宮古、釜石、大船渡、陸前高田、気仙沼...
今年三月のあの日以来、毎日のように伝えられる東北の町の名前は、
私の遠い日の記憶を呼び戻すものでした。

 
もう遠い昔、私が二十代の頃に、十和田湖までサイクリングで往復しました。

その前の年に房総半島を一周して自信がついて、今度は、高校の修学旅行で通った発荷峠からもう一度十和田湖を見てみたい。そして、奥入瀬の遊歩道を自転車を担いで歩いてみたい、という思いでした。

一日に200kmぐらい走って、予定どおり4日目に十和田湖に着きました。
国民宿舎「十和田カルデラ」に2泊して、自転車で遊覧船に乗せてもらったり、
湖のまわりを走ったり奥入瀬を歩いたりして、楽しく過ごしました。

往路は国道4号線で内陸を走ったので、帰りは一日の距離も余裕をみて、三陸の海沿いに走る計画でした。
職場の同僚に岩手県下閉伊郡山田町の出身の人がいて、その人の実家で一泊とめていただけることになっていました。

ところが、帰りの2日目は大雨で、八戸から久慈まで走るのがやっとでした。
3日目は晴れて、山田町に着いたのはお昼ごろでした。ここで1泊すると予定より1日オーバーしてしまいます。

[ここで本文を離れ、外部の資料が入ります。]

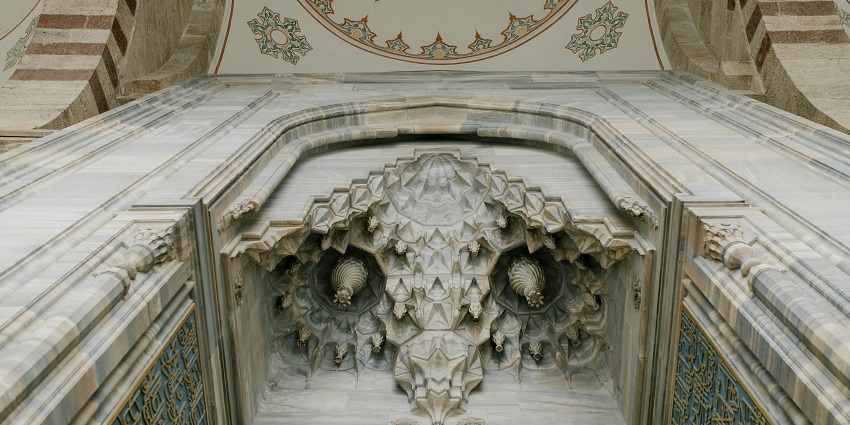 Dar Assalam Mosque, is an important cultural and religious centre in Bern, Switzerland.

仕事の休暇を伸ばすわけにもいかなくて、残念でしたが、同僚の実家のご厚意を遠慮して、その日は夜通し走って帰路を急ぐことにしました。

釜石を通過したのが午後3時ごろだったと思います。大船渡が夜10時。そして、
陸前高田駅前で休憩して時計を見たら、ちょうど深夜0時でした。

午前3時ごろ気仙沼を通って... それから先は記憶が薄れてしまいましたが、
どこかで朝食をとって、少し仮眠して、往路で泊まったいわきの民宿にたどり着いて、その翌日、無事帰宅しました。

 
若かったな、無茶なことをしたな、と思います。
あの時、もっとゆっくりと楽しみながら三陸の町を走ればよかったなと思います。

山田町出身の職場の同僚は、私より二つか三つ年上の方でした。
その後、私は職場の異動があり、その方が退職されて故郷に戻ったと知ったのは、
だいぶ後になってからのことでした。

雨中に走った三陸の町、深夜に見上げた「陸前高田駅」の文字、夏休みに一人で
サイクリングで岩手県を一周すると言ってた地元の高校生...。
忘れかけていた遠い日の三陸の町と、遠い日の自分を思い出した一年でした。

     ☆

当時の職場の情報紙(会社で言えば「社内報」のようなもの)に、私の写真と
文が載りました。スキャナで撮ってここに載せたかったのですが、見つかりません。
(この記事を書くのが延び延びになってしまった言い訳です。)

来年、もう一度本気で探してみます。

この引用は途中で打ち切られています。